The National Association of Realtors said sales of existing homes rose by 2.9 percent in February to a seasonally adjusted annual rate of 5.03 million units. It marked the first sales increase since last July, but even with the gain sales were still 23.8 percent below where they were a year ago.

By region of the country, sales surged by 11.3 percent in the Northeast and were up 2.5 percent in the Midwest and 2.1 percent in the South. The only region of the country to see a sales decline was the West, where sales dropped by 1.1 percent.
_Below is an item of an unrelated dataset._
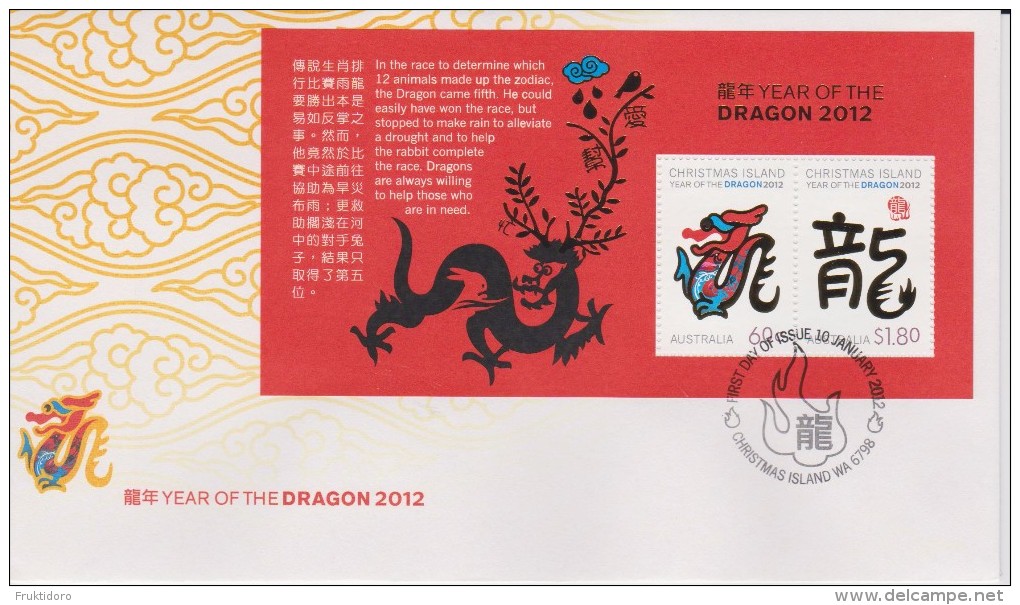 Christmas Island FDC Mi 711-712 - Block Lunar New Year - Year Of The Dragon - 2012 - Christmaseiland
Prices continued to slide. The median sales price for single-family homes and condominiums dropped to $195,900, a fall of 8.2 percent from a year ago, the biggest slide in the current housing slump. The median price for just single-family homes was down 8.7 percent from a year ago, the biggest decline in four decades.

Economists said they still believed any sustained housing rebound was many months away.
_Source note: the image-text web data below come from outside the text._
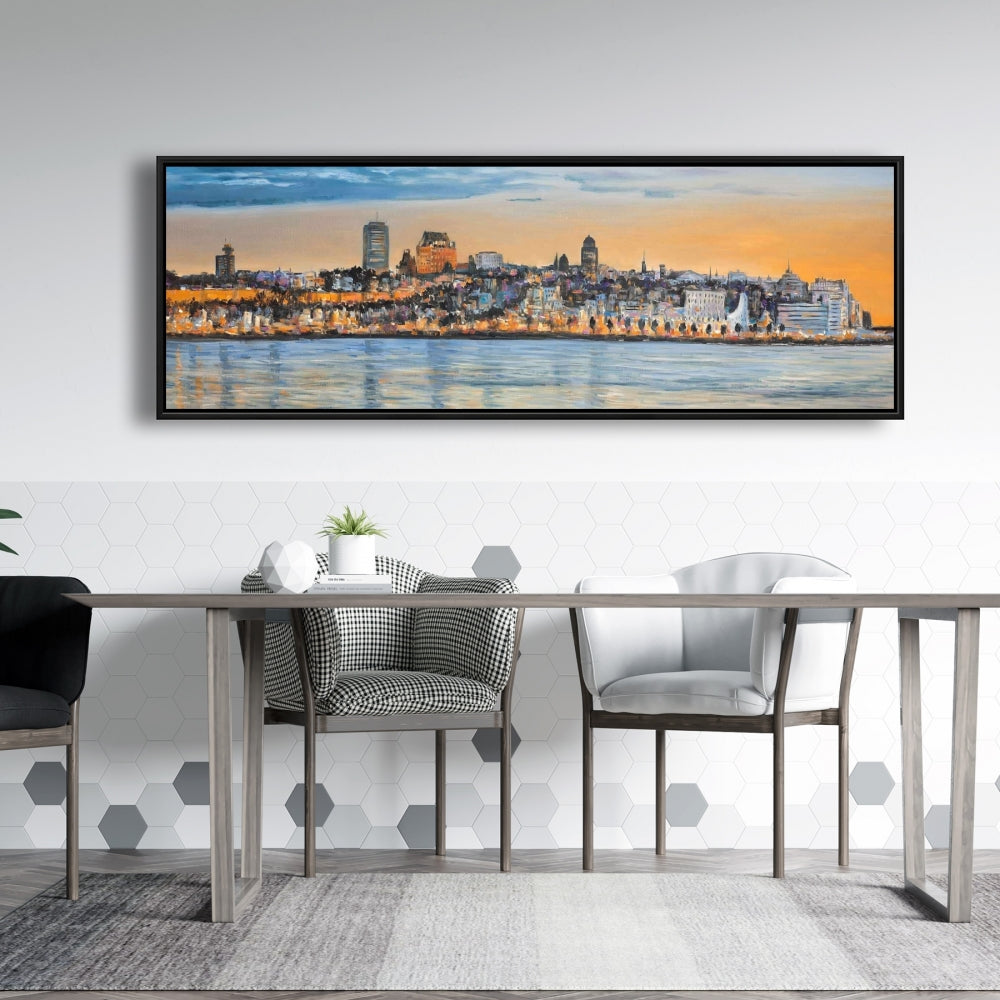 Toile bleue « Skyline de Québec » | Décoration murale pour chambre à coucher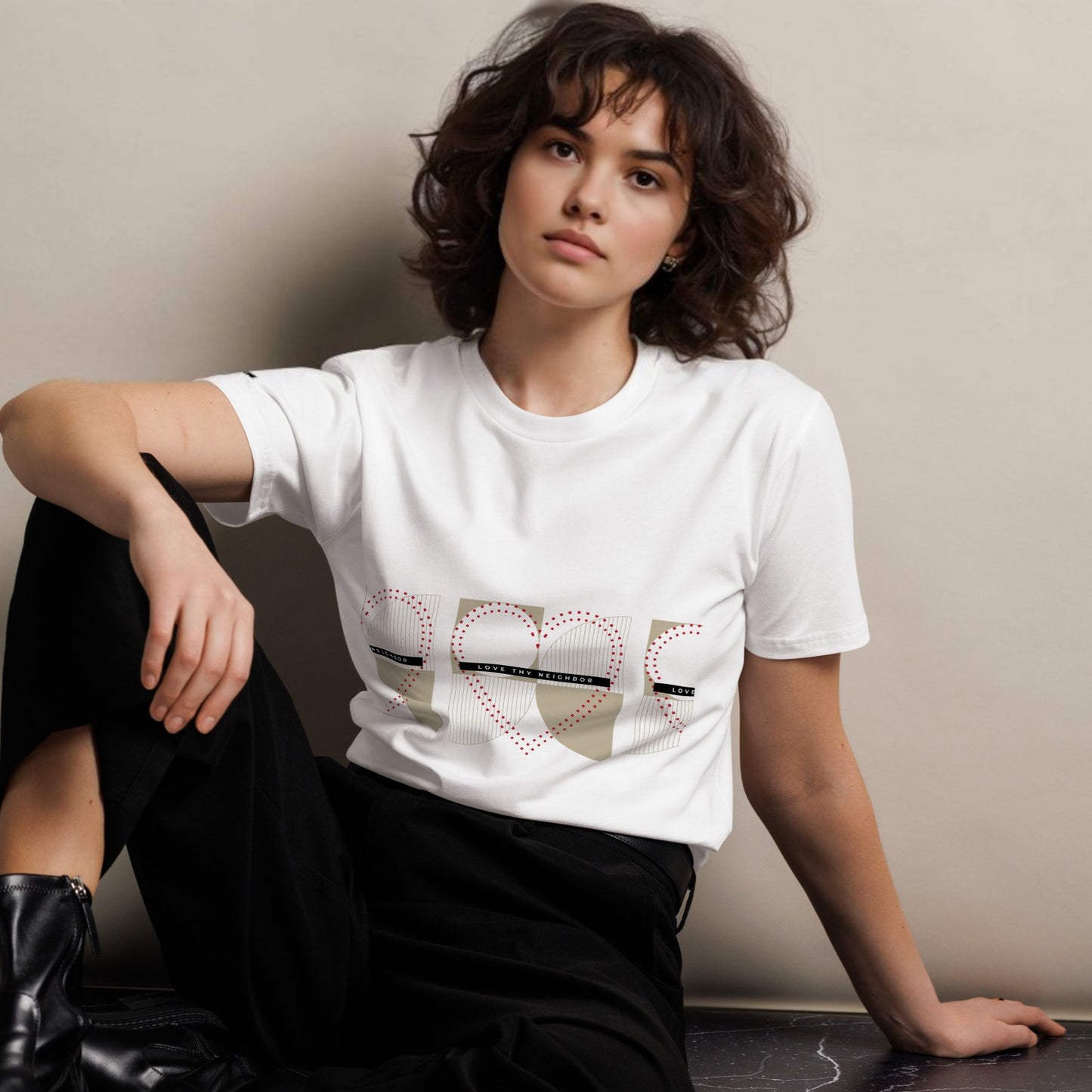 Woman-wearing-white-tshirt-with-text-Love_thy_neighbor-and dotted hearts-on-plain-background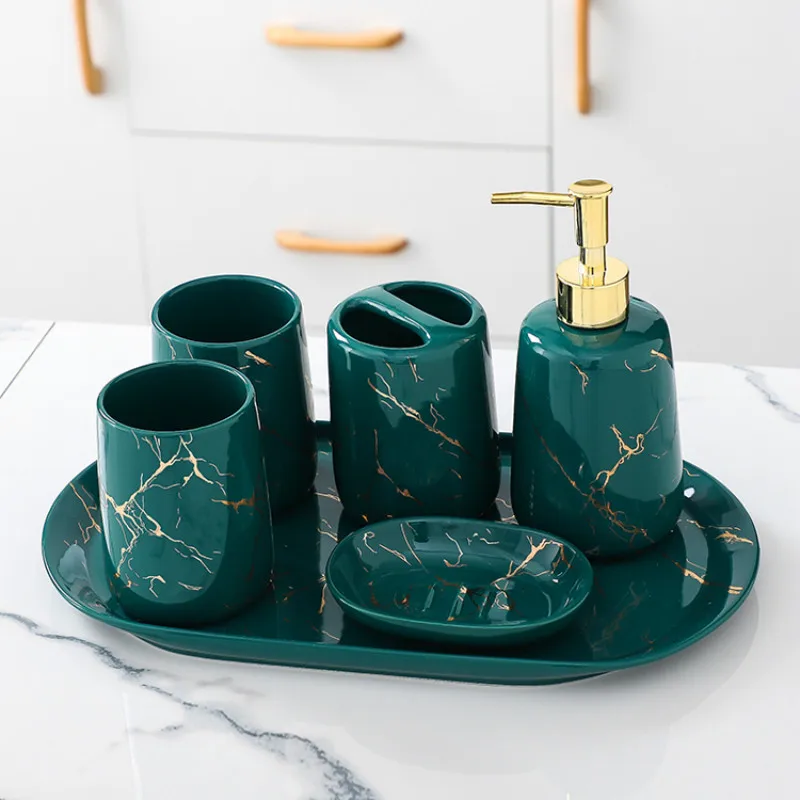 Imitation Marble Ceramic Wash Kit Soap Dispenser and Mouthwash Cup Set Five-piece Home Bathroom Accessories Wedding Gifts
“The hemorrhaging has stopped but the recovery will be long, slow and painful,” said Bernard Baumohl, managing director of the Economic Outlook Group. “It’s unlikely that we will see any sustained jump in home purchases, must less higher prices, until mid-2009 at the earliest.”

A report released Tuesday showed home prices plunged by record levels in January from a year ago, with almost no major cities immune from the spiraling market.

The closely watched Standard & Poor’s/Case-Shiller index of home prices in 20 cities fell nearly 11 percent in January from a year earlier, the biggest drop in its two-decade history.

Prices were down about 20 percent in Las Vegas and Miami, both paying the price for especially rampant speculation and too much new construction during the housing boom. Fourteen other cities posted record declines in the Tuesday report.

The only bright spot was a 1.8 percent increase in Charlotte, N.C., where real estate agents say prices rose more modestly during the boom years and the regional economy is relatively strong.